Movimentos sociais, enfim, são redes sociais complexas, que transcendem organizações empiricamente delimitadas e que conectam, de forma simbólica, solidarística e estratégica, sujeitos individuais e atores coletivos em torno de uma identidade ou identificações comuns, de uma definição de um campo de conflito e de seus principais adversários políticos ou sistêmicos e de um projeto ou utopia de transformação social.
As identidades e os conteúdos das lutas podem ser específicos (ambientalista, feminista, étnico etc.) ou transidentitários (eco-feminismo, anti-racismo ambientalista, etc.). O emergente Movimento Quilombola é um exemplo de um movimento com referenciais da subordinação histórica de um grupo social – os quilombolas – por sua condição originária de raça/etnia e de classe, conforme exemplo abaixo:
- a identificação étnica (negra) e de classe (camponeses pobres) – a identidade coletiva;
- para combater um legado histórico de colonialismo, racismo e expropriação – o adversário comum;
- pelo direito à terra comunitária herdada e ao reconhecimento de sua cultura – o projeto de transformação.
Em síntese, movimentos sociais na sociedade contemporânea podem ser mais amplamente explicados quando os atores sociais ou formas de coletividade que os compõem forem tratados a partir de uma perspectiva de análise de redes sociais e organizacionais. Portanto, quando elegemos como conceito teórico a noção de rede de movimentos sociais referindo-nos à síntese articulatória, à amálgama ou às redes das redes do agir e pensar coletivo representadas através de diversos formatos organizacionais não estamos abandonando a tradição de análise já clássica na literatura dos movimentos sociais, ou seja, a ideia de que um movimento social existe quando há:
- um princípio de identidade construído coletivamente ou de identificação em torno de interesses e valores comuns no campo da cidadania;
- a definição coletiva de um campo de conflitos e dos adversários centrais nesse campo;
- a construção de projeto de transformação ou de utopias comuns de mudança social nos campos societário, cultural ou sistêmico.

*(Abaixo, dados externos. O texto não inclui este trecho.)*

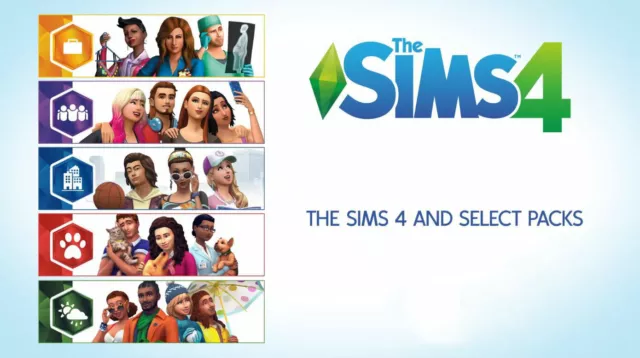 Buy The Sims 4: Bundle Pack 6 Origin PC Key 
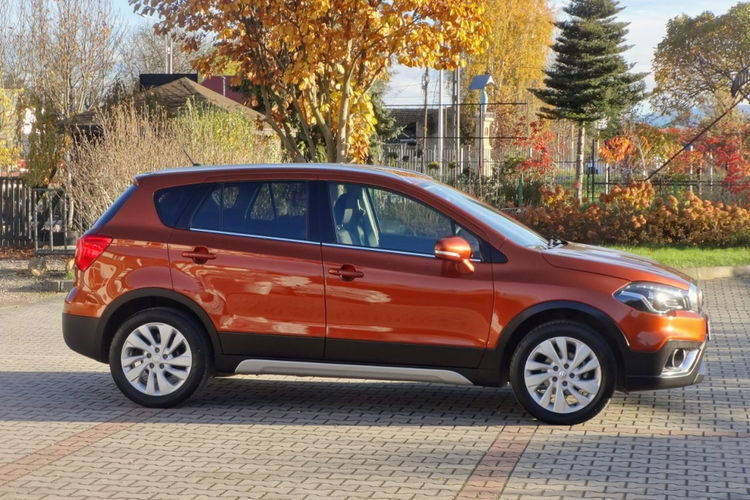 Suzuki SX4 S-Cross Navi Kamera 4 x 4 zdjęcie 8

Estamos, sim, ampliando a análise dos movimentos sociais na medida em que consideramos a interação em redes como algo constitutivo dos movimentos sociais. Essa ideia já está presente em vários autores, como nos trabalhos de Touraine, Melucci e Castells já mencionados, todavia distinta da tratada acima e que será melhor explicitada no decorrer desta obra. A rede de movimentos sociais refere-se, pois, à uma comunidade de sentido que visa a algum tipo de transformação social e que agrega atores coletivos diversificados, constitutivos do campo da sociedade civil organizada.